En oncologie comme dans toute discipline médicale, une erreur peut s’immiscer lors de l’une ou l’autre des étapes que passe tout médicament. Au moment de la prescription, il arrive parfois qu’une ou un médecin prescrive le bon médicament, mais à un dosage ou un débit d’injection inadéquat. Il se peut aussi, au moment de l’administration du médicament à la patiente ou au patient, que l’infirmière ou l’infirmier se trompe sur une indication inscrite sur l’ordonnance. Enfin, il arrive que l’identité d’une patiente ou d’un patient soit erronée: si deux personnes portent les mêmes nom et prénom, une confusion peut s’ensuivre, de même que lorsqu’une personne, à son arrivée au CHUV, n’a pas reçu le bon bracelet d’identité. Ce type de méprise peut entraîner une erreur au moment de l’administration d’un médicament.

Une erreur peut s’immiscer lors de l’une ou l’autre des étapes que passe tout médicament.

Afin de limiter les erreurs au minimum possible, le Département d’oncologie a instauré un principe de double contrôle systématique pour les médicaments «à risque» – autrement dit, pour les médicaments dont l’impact serait le plus nocif en cas d’erreur. Appliquée à chaque étape de la médication, cette mesure suppose, premièrement, que pour chaque prescription par la ou le médecin, l’une ou l’un de ses collègues vérifie les termes de l’ordonnance.

Ensuite, au moment de l’administration du médicament, l’infirmière ou l’infirmier commence par s’assurer de l’identité de la patiente ou du patient, par exemple en lui demandant d’énoncer son nom. Enfin, après que le matériel de médication a été installé, l’une ou l’un de ses pairs s’assure que le médicament est donné à la bonne personne; elle ou il s’assure aussi que le médicament est injecté selon le dosage et le débit prescrits.
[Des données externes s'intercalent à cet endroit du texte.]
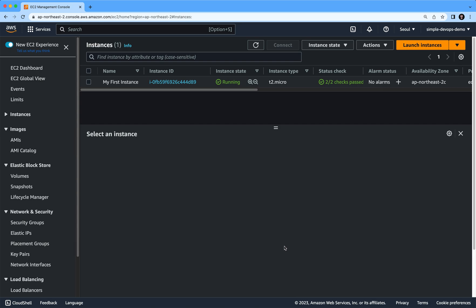Hello everyone, welcome to this Simple DevOps channel. In this video, I'm going to show you how to SSH to EC2 instances using Linux or Mac in AWS. As you can see now, I have my first instance running.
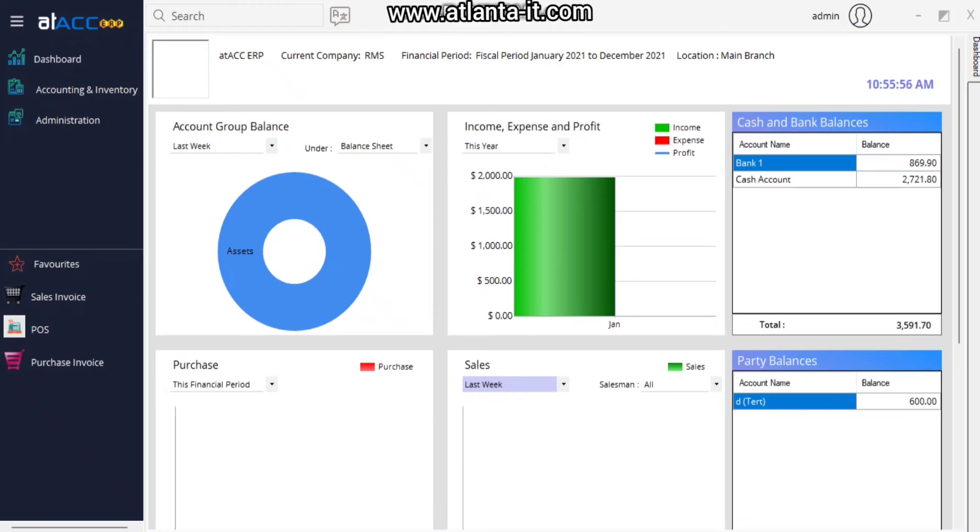Hello everyone, welcome back to another video of Attack ERP. In this video I'm going to show you how we can configure RMS mobile application with Attack ERP. Let's start the video. First, we have to configure mobile application and Attack ERP PC in a single network.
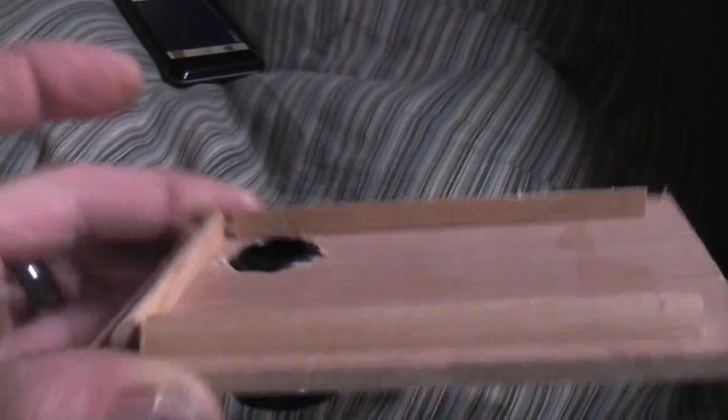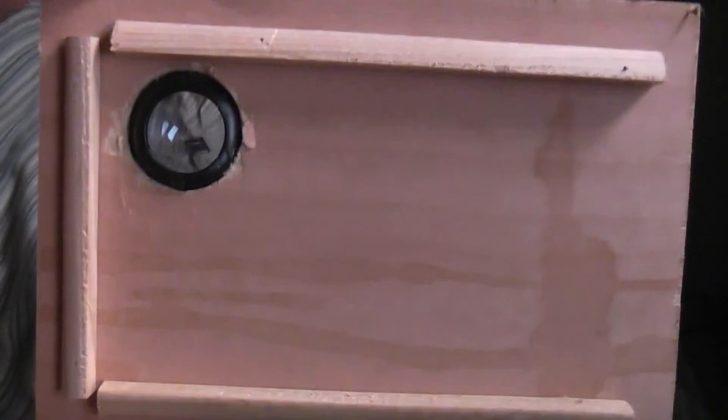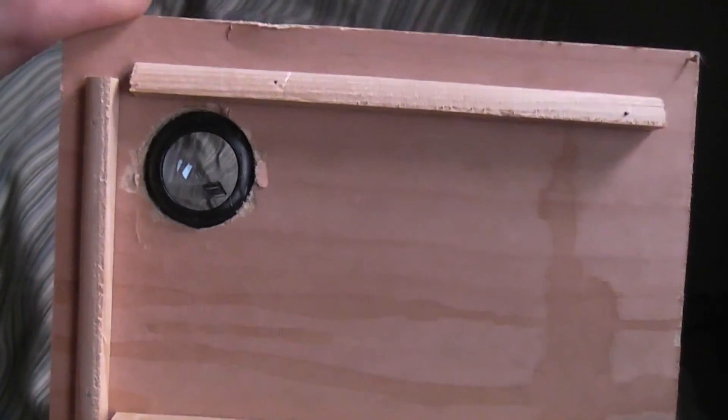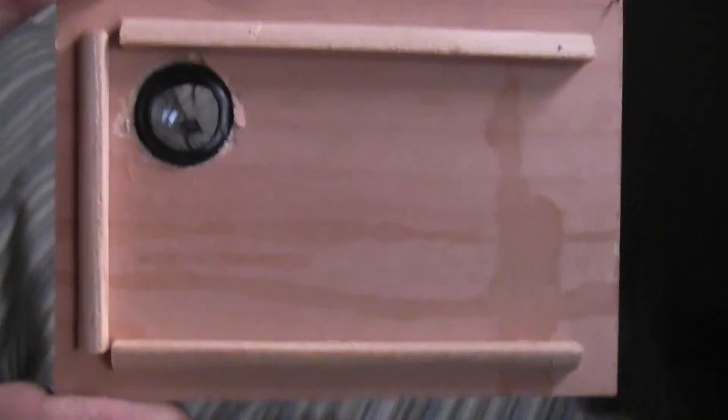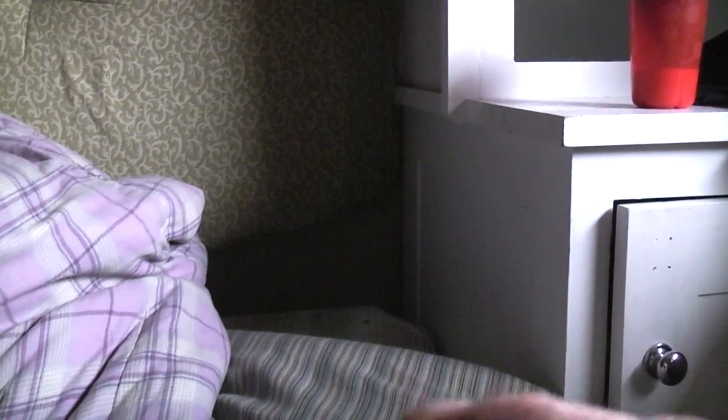So all this is is a lens mounted on a piece of quarter inch plywood with a few pieces to hold my phone in. And I'll show you how it works, because this thing is so easy.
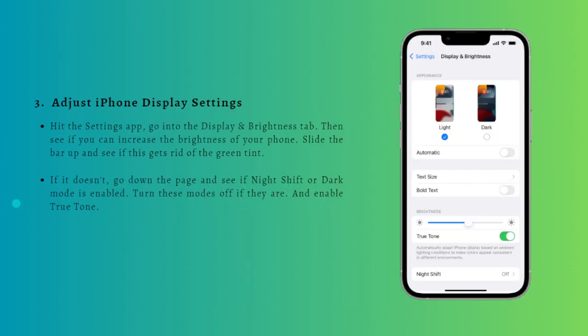The last solution is to adjust your iPhone display settings. The green screen issue can occur when display settings are not properly set. If you leave your phone in Night Shift mode all the time, this could cause a green tint. Alternatively, if your phone is on Dark Mode, this could also be causing the green screen issue. You can follow the processes shown on your screen to adjust these settings.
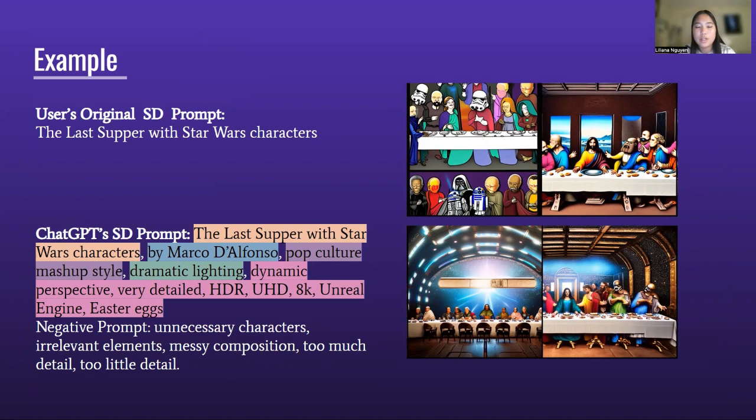You can see how ChatGPT adds relevant modifiers such as 'pop culture mashup style,' 'dramatic lighting,' 'dynamic perspective,' or 'Unreal Engine.' And you can see how the effects of adding these modifiers improves the quality of aesthetic and relevancy to the prompt in the images.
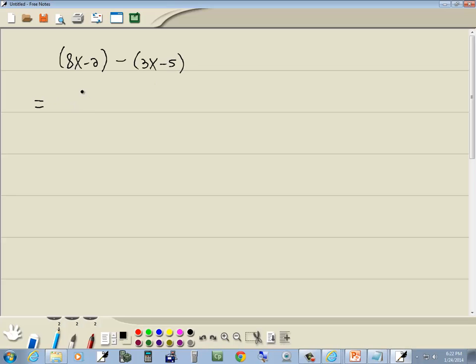Now, we want to get rid of parentheses, and we know the negative there, there's always an invisible one. So that's like we're taking negative 1 times 3x, and negative 1 times negative 5.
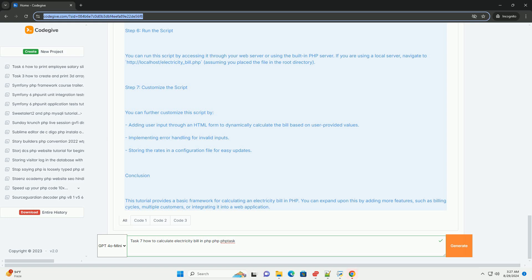Finally, the result can be formatted and displayed to the user, ensuring clarity in the breakdown of costs.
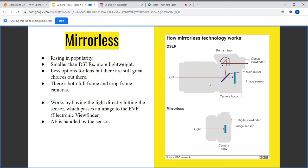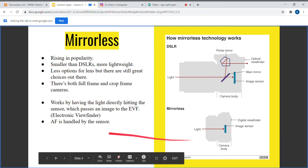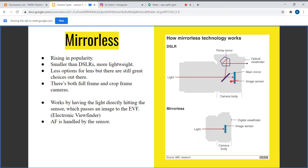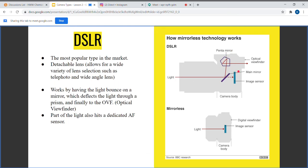AF is handled by the sensor instead of by the actual mirror and a separate sensor, as we can see here. That is the main difference between mirrorless and DSLR cameras.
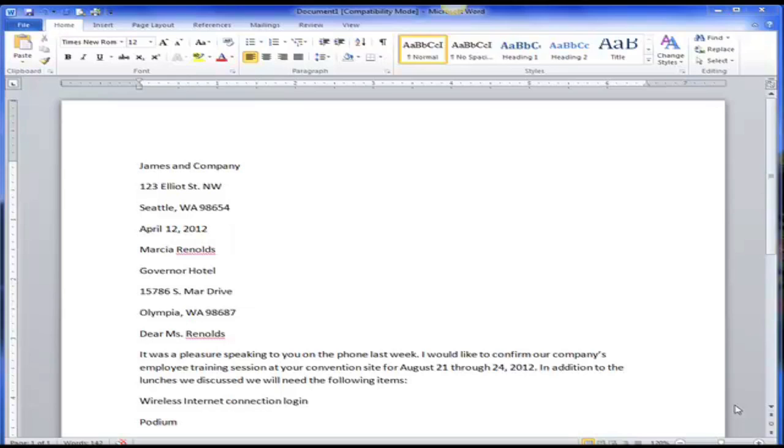We're going to create a block style business letter. Now I have the business letter already typed out so that we don't have to worry about typing. We're just worrying about formatting and using Microsoft Word.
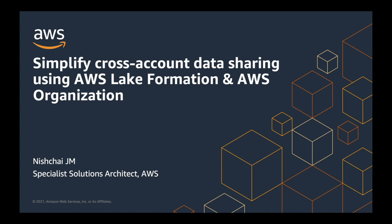Hello, everyone. This is Anish Jai. I am a specialist solutions architect at AWS. We're going to see how to simplify data sharing using AWS Lake Formation and AWS organization along with the demo.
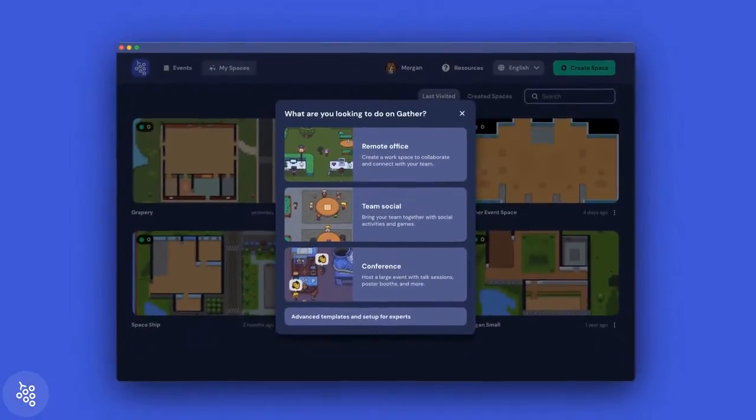Creating a virtual office on Gather is easy. In fact, it takes less than a minute. In this video, I'll give you a quick overview of our templates, along with some tips for choosing the right one for your team. And after that, I'll show you quick customizations so you can make it feel like your own. Let's get started.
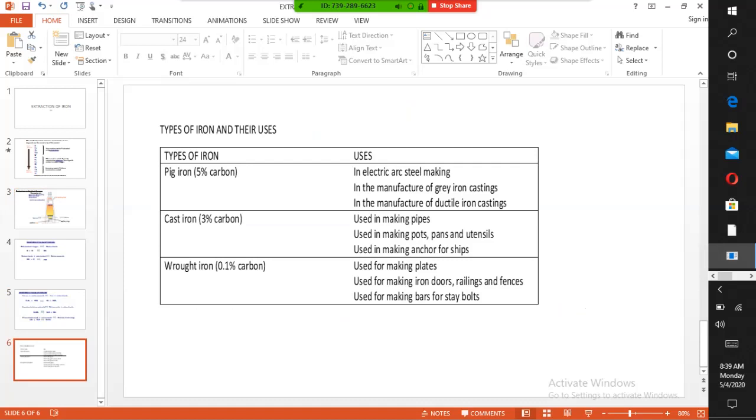The best form of iron is wrought iron. It contains the lowest percentage of carbon, less than one percent, and is used for making gates, iron doors, and railings.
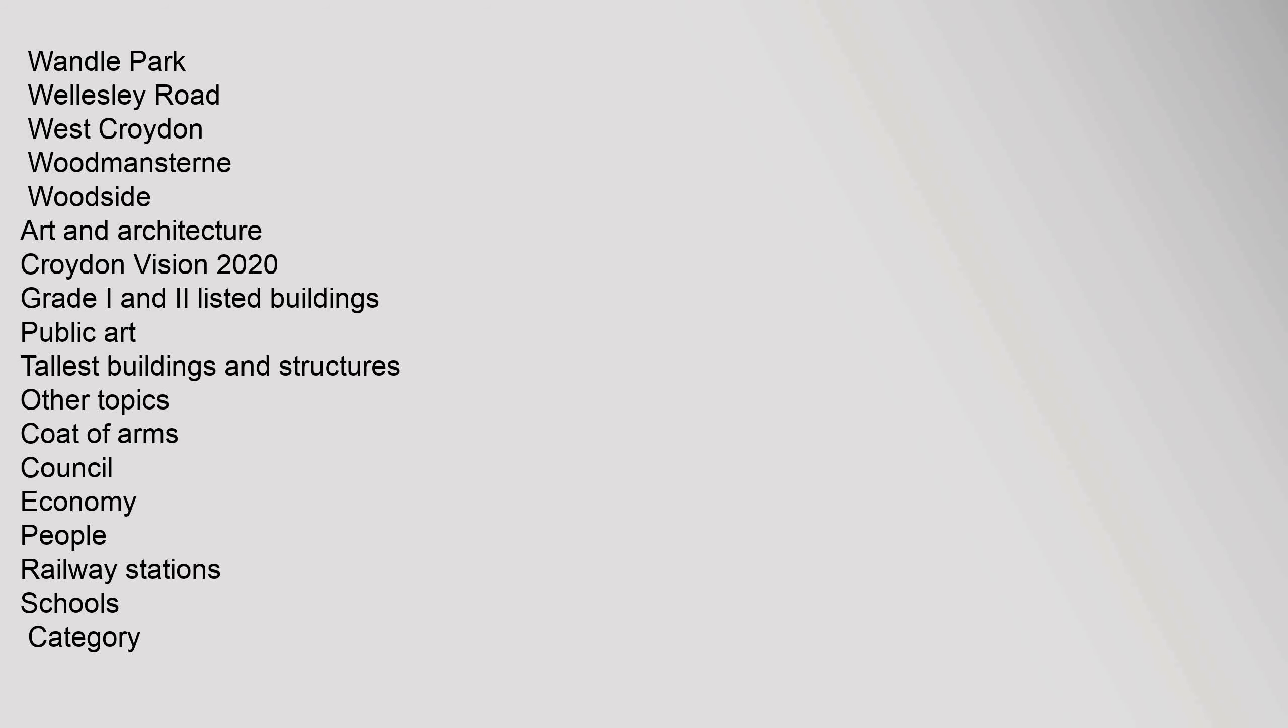Art and Architecture: Croydon Vision 2020, Grade I and II listed buildings, Public Art, Tallest Buildings and Structures. Other Topics: Coat of Arms, Council, Economy, People, Railway Stations, Schools, Category, Commons.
Le principe et les étapes de ce double contrôle ont été consignés dans un «guide de vigilance» conçu par le Département d’oncologie.

Renforcer le contrôle des identités

Pour l’année 2017, ces mesures ont permis de réduire de moitié le nombre d’erreurs de médication au sein du Département d’oncologie. Malheureusement, en 2018, les erreurs de médication répertoriées par le RECI sont reparties à la hausse. Cette recrudescence peut avoir plusieurs causes: d’une part, le département reçoit toujours plus de patientes et patients chaque année; d’autre part, les déclarations consignées dans le RECI sont plus nombreuses, du fait même que le personnel utilise de plus en plus ce recueil. Il y a cependant encore des efforts à faire à l’étape de la prescription, à l’origine de la plus grande partie des erreurs. Il reste également à renforcer l’identitovigilance, notamment la bonne attribution des noms et prénoms aux patientes et patients au moment de leur accueil à l’hôpital.